- WORK REQUIRED
Each line of the listing below must be returned exactly.

** WORKING DATA follows **

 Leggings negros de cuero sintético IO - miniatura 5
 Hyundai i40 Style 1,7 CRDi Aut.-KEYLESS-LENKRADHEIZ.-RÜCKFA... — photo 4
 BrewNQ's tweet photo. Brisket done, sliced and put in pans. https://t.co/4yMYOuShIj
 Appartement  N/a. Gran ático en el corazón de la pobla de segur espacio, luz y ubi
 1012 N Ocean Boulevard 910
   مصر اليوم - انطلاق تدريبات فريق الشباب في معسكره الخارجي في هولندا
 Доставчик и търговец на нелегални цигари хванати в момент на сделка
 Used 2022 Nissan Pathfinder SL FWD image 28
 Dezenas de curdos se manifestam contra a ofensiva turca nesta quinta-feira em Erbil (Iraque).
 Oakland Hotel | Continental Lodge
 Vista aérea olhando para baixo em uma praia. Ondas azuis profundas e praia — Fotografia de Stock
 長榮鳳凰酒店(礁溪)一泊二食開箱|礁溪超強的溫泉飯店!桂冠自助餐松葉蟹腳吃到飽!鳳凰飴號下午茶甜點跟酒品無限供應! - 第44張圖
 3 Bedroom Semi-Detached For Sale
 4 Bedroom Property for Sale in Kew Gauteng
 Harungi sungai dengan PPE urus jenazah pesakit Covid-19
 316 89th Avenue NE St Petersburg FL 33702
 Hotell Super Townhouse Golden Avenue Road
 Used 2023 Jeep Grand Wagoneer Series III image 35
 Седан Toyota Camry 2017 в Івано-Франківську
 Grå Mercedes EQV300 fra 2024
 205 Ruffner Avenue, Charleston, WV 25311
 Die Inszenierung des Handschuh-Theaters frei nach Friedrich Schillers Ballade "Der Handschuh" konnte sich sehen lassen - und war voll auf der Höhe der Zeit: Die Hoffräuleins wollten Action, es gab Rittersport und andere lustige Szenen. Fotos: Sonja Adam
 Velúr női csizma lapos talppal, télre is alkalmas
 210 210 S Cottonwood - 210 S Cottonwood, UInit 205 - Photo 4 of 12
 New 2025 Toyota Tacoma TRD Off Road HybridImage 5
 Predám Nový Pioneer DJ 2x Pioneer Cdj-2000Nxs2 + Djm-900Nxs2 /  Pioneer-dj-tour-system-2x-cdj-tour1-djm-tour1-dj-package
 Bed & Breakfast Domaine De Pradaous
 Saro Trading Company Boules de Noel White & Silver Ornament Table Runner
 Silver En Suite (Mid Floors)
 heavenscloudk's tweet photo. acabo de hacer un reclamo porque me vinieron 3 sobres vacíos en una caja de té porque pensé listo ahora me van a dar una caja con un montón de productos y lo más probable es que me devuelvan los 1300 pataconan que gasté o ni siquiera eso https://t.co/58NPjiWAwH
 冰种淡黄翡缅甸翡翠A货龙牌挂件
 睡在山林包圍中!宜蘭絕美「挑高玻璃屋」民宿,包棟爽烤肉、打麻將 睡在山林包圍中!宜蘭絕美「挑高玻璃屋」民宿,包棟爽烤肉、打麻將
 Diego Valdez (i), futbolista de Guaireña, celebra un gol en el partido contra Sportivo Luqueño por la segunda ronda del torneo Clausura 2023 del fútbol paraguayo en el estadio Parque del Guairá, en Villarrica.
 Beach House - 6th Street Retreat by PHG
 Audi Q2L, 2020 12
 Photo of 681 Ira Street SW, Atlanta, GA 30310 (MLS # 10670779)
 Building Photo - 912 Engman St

** End of WORKING DATA **

- RESPONSE BELOW
 Leggings negros de cuero sintético IO - miniatura 5
 Hyundai i40 Style 1,7 CRDi Aut.-KEYLESS-LENKRADHEIZ.-RÜCKFA... — photo 4
 BrewNQ's tweet photo. Brisket done, sliced and put in pans. https://t.co/4yMYOuShIj
 Appartement  N/a. Gran ático en el corazón de la pobla de segur espacio, luz y ubi
 1012 N Ocean Boulevard 910
   مصر اليوم - انطلاق تدريبات فريق الشباب في معسكره الخارجي في هولندا
 Доставчик и търговец на нелегални цигари хванати в момент на сделка
 Used 2022 Nissan Pathfinder SL FWD image 28
 Dezenas de curdos se manifestam contra a ofensiva turca nesta quinta-feira em Erbil (Iraque).
 Oakland Hotel | Continental Lodge
 Vista aérea olhando para baixo em uma praia. Ondas azuis profundas e praia — Fotografia de Stock
 長榮鳳凰酒店(礁溪)一泊二食開箱|礁溪超強的溫泉飯店!桂冠自助餐松葉蟹腳吃到飽!鳳凰飴號下午茶甜點跟酒品無限供應! - 第44張圖
 3 Bedroom Semi-Detached For Sale
 4 Bedroom Property for Sale in Kew Gauteng
 Harungi sungai dengan PPE urus jenazah pesakit Covid-19
 316 89th Avenue NE St Petersburg FL 33702
 Hotell Super Townhouse Golden Avenue Road
 Used 2023 Jeep Grand Wagoneer Series III image 35
 Седан Toyota Camry 2017 в Івано-Франківську
 Grå Mercedes EQV300 fra 2024
 205 Ruffner Avenue, Charleston, WV 25311
 Die Inszenierung des Handschuh-Theaters frei nach Friedrich Schillers Ballade "Der Handschuh" konnte sich sehen lassen - und war voll auf der Höhe der Zeit: Die Hoffräuleins wollten Action, es gab Rittersport und andere lustige Szenen. Fotos: Sonja Adam
 Velúr női csizma lapos talppal, télre is alkalmas
 210 210 S Cottonwood - 210 S Cottonwood, UInit 205 - Photo 4 of 12
 New 2025 Toyota Tacoma TRD Off Road HybridImage 5
 Predám Nový Pioneer DJ 2x Pioneer Cdj-2000Nxs2 + Djm-900Nxs2 /  Pioneer-dj-tour-system-2x-cdj-tour1-djm-tour1-dj-package
 Bed & Breakfast Domaine De Pradaous
 Saro Trading Company Boules de Noel White & Silver Ornament Table Runner
 Silver En Suite (Mid Floors)
 heavenscloudk's tweet photo. acabo de hacer un reclamo porque me vinieron 3 sobres vacíos en una caja de té porque pensé listo ahora me van a dar una caja con un montón de productos y lo más probable es que me devuelvan los 1300 pataconan que gasté o ni siquiera eso https://t.co/58NPjiWAwH
 冰种淡黄翡缅甸翡翠A货龙牌挂件
 睡在山林包圍中!宜蘭絕美「挑高玻璃屋」民宿,包棟爽烤肉、打麻將 睡在山林包圍中!宜蘭絕美「挑高玻璃屋」民宿,包棟爽烤肉、打麻將
 Diego Valdez (i), futbolista de Guaireña, celebra un gol en el partido contra Sportivo Luqueño por la segunda ronda del torneo Clausura 2023 del fútbol paraguayo en el estadio Parque del Guairá, en Villarrica.
 Beach House - 6th Street Retreat by PHG
 Audi Q2L, 2020 12
 Photo of 681 Ira Street SW, Atlanta, GA 30310 (MLS # 10670779)
 Building Photo - 912 Engman St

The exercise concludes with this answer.